Indeed, the purported "integer overflow" (above) does not
happen.
It is "only" a  'printf' related bug inside .Internal(inspect(.)) on Windows.

*interestingly*, the above bug I've noticed on (64-bit) Linux
does *not* show on Windows (64-bit), at least not for that case:

On Windows, things are fine as long as they remain (compacted
aka 'ALTREP') INTSXP:

  > y <- -1e3:2e9 ;.Internal(inspect(y))
  @0x000000000a285648 13 INTSXP g0c0 [REF(65535)]  -1000 : 2000000000 (compact)
  > y <- -1e3:2.1e9 ;.Internal(inspect(y))
  @0x0000000019925930 13 INTSXP g0c0 [REF(65535)]  -1000 : 2100000000 (compact)

and here, y is correct, just the printing from
.Internal(inspect(y)) is bugous (probably prints the double as an integer):

  > y <- -1e3:2.2e9 ; .Internal(inspect(y))
  @0x00000000195c0178 14 REALSXP g0c0 [REF(65535)]  -1000 : -2094967296 (compact)
  > length(y)
  [1] 2200001001
  > tail(y)
  [1] 2.2e+09 2.2e+09 2.2e+09 2.2e+09 2.2e+09 2.2e+09
  > tail(y) - 2.2e9
  [1] -5 -4 -3 -2 -1  0
  >
#
Thanks Martin.  On further testing, it seems that the segmentation
fault can only occur when the amount of obtainable memory is
sufficiently high.
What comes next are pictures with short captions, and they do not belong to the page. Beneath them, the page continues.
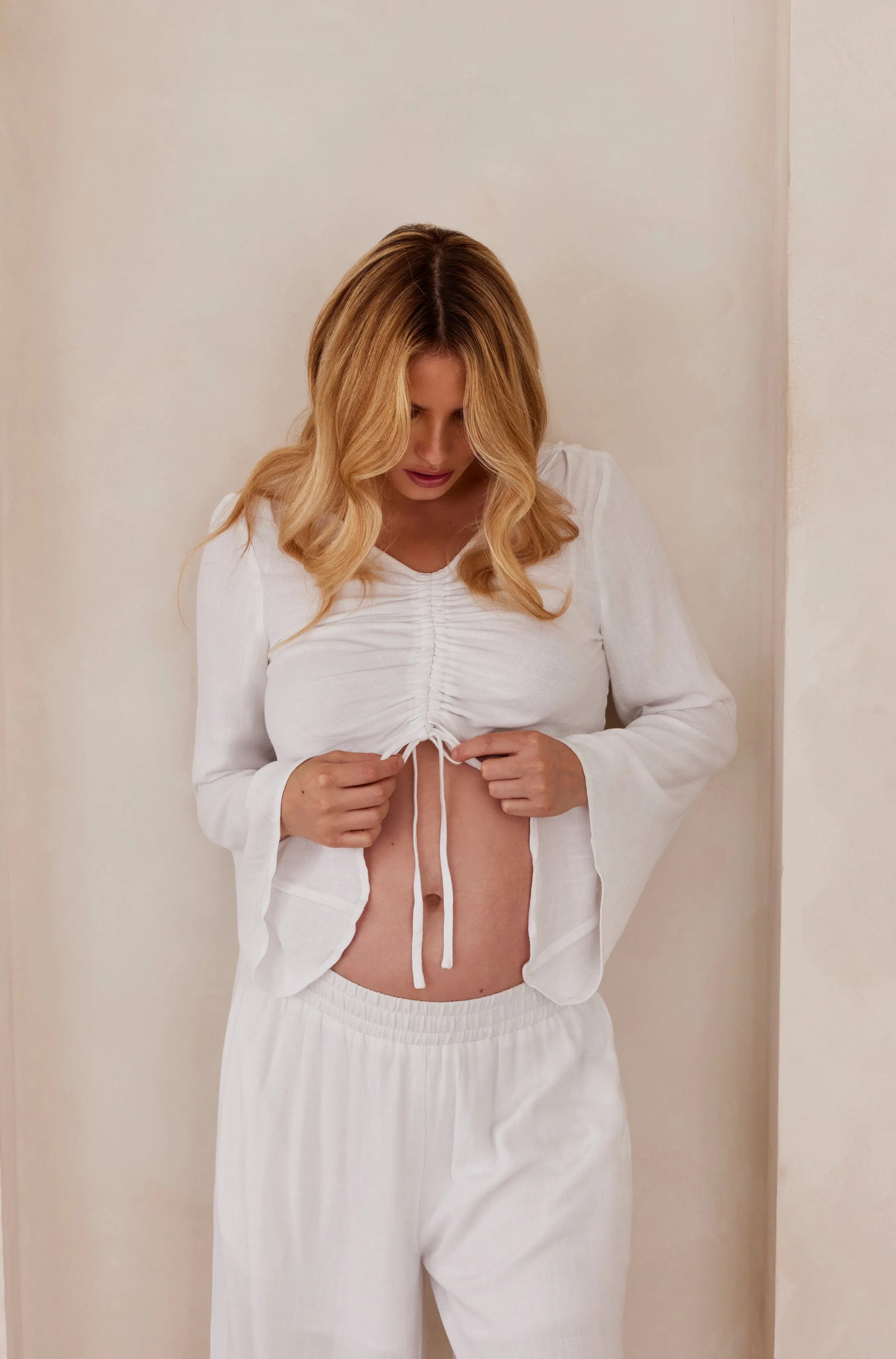 Drawstring Linen Top sold by Trunfio product image thumbnail 4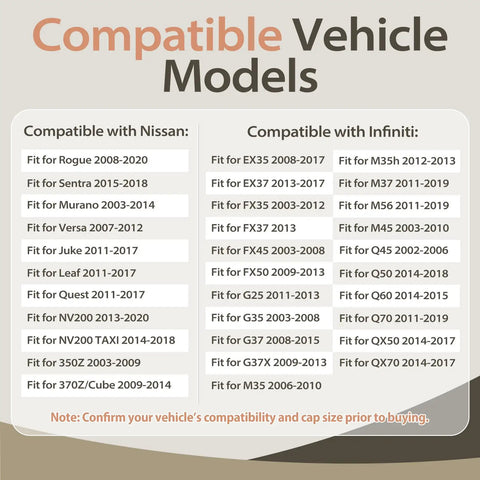 Compatibility chart for the 2Pcs Premium Leak Proof Coolant Reservoir Cap Set For OEM 21712 79900 with Nissan and Infiniti models.
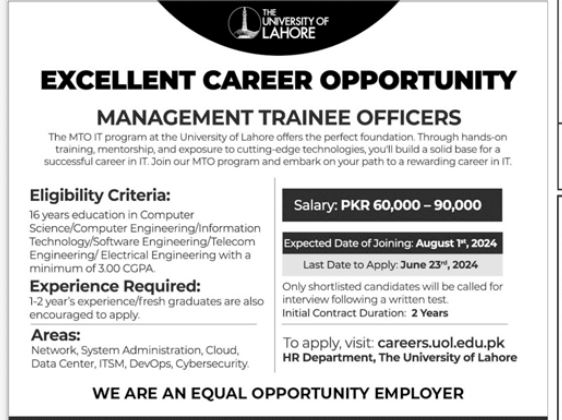 The University Of Lahore UOL Jobs 2024 Jobs 2024 — original advertisement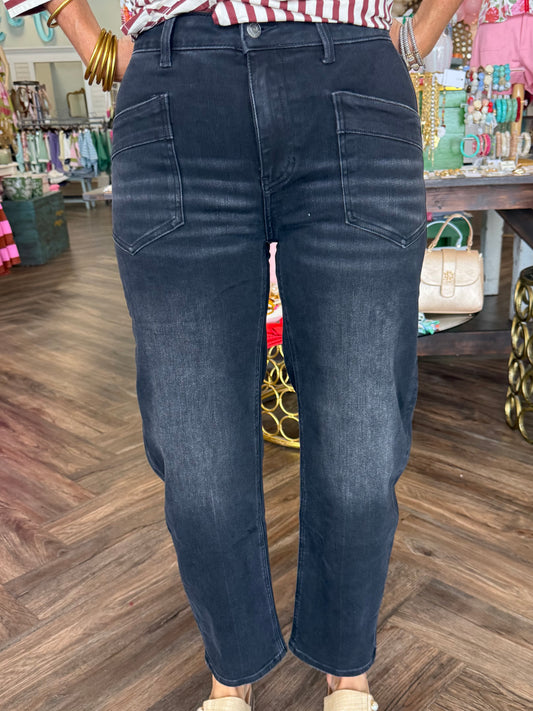 Pocket Barrel Jeans: Black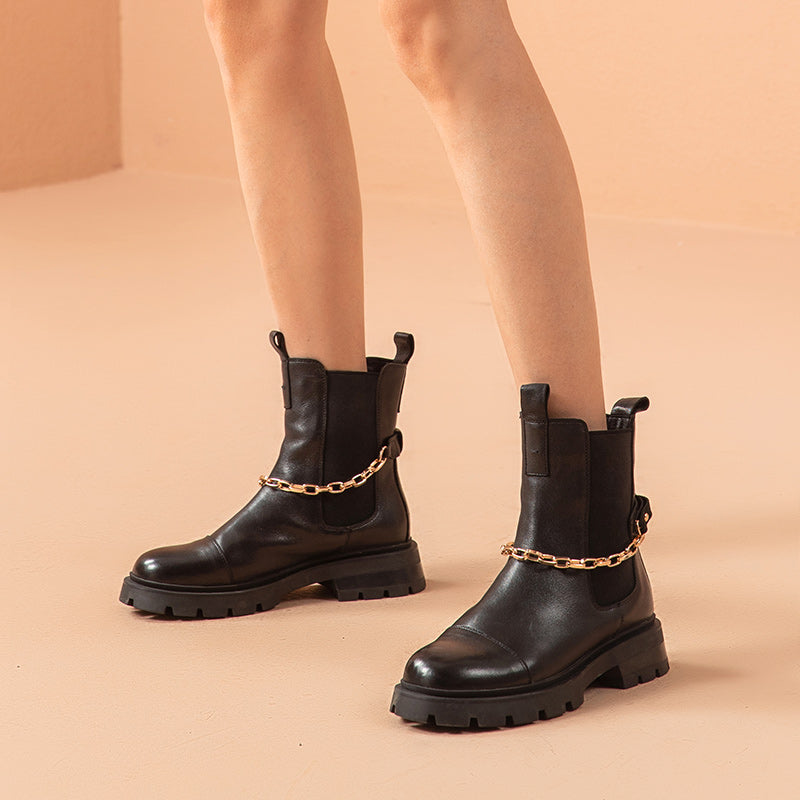 BeauToday Chelsea Boots for Women with Metal Chain Decor BEAU TODAY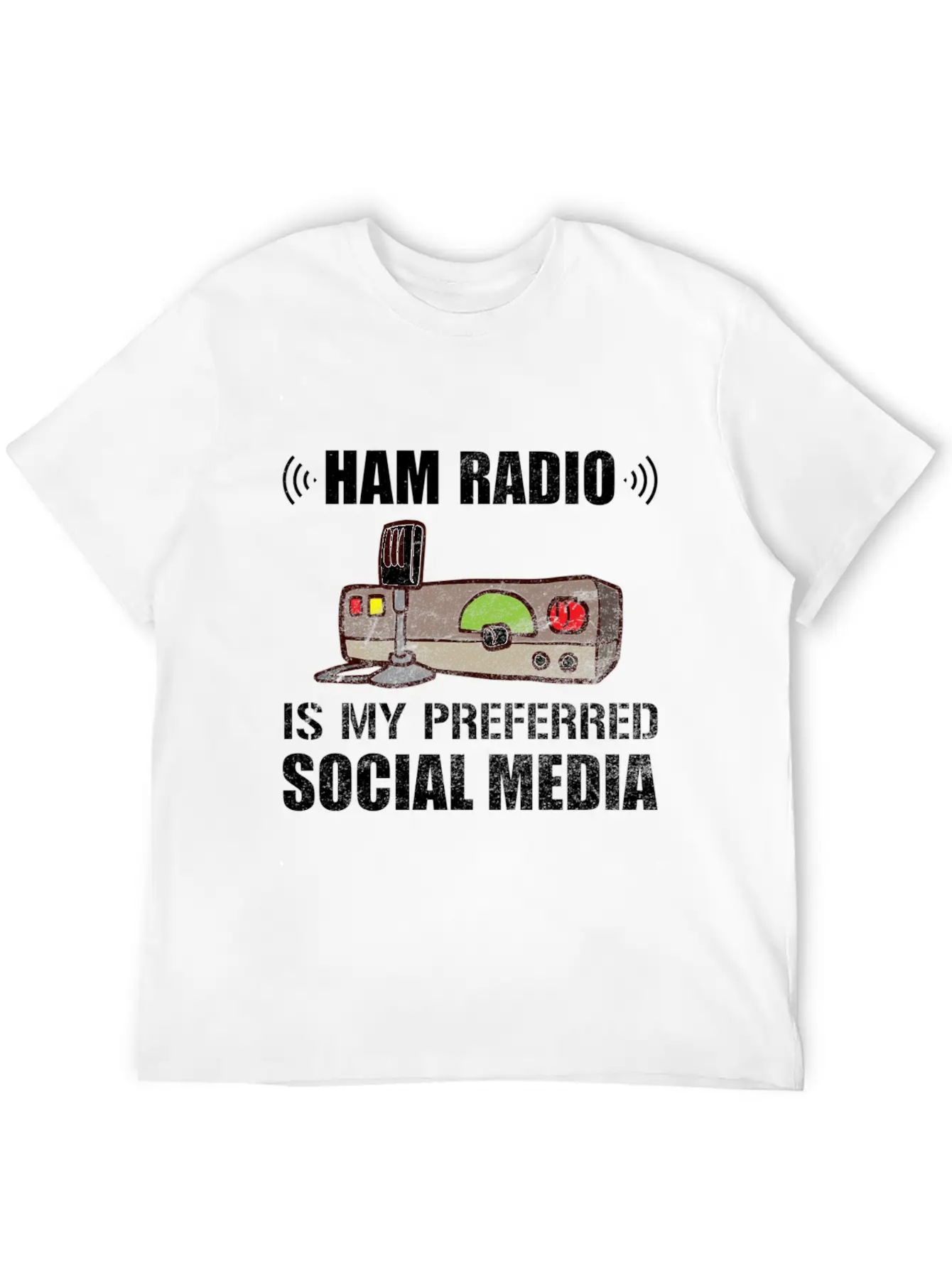 My Preferred Social Media Ham Radio Unisex Short Sleeve Soft Cotton T-Shirt – Casual Everyday Wear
On my machine (admittedly with other processes
running):

$ R --vanilla --max-mem-size=30G -e "x <- c(0L, -2e9:2e9)"
Segmentation fault

$ R --vanilla --max-mem-size=29G -e "x <- c(0L, -2e9:2e9)"
Error: cannot allocate vector of size 14.9 Gb
Execution halted
On Tue, 8 Sep 2020 at 18:52, Martin Maechler <maechler at stat.math.ethz.ch> wrote:
#
On Tue, 8 Sep 2020, Hugh Parsonage wrote:

            
Unfortunately I don't have access to a Windows machine with enough
memory to get to the point of failure. If you have rtools and gdb
installed can you run in gdb and see where the segfault is happening?

Best,

luke

  
    
#
On Tue, 8 Sep 2020, Martin Maechler wrote:

            
It's a '%ld' that probably needs to be '%lld' for Windows. Will fix
sometime soon.

Best,

luke

  
    
#
Unfortunately I only get

[Thread 21752.0x4aa8 exited with code 3221225477]
[Thread 21752.0x4514 exited with code 3221225477]
[Thread 21752.0x3f10 exited with code 3221225477]
[Inferior 1 (process 21752) exited with code 030000000005]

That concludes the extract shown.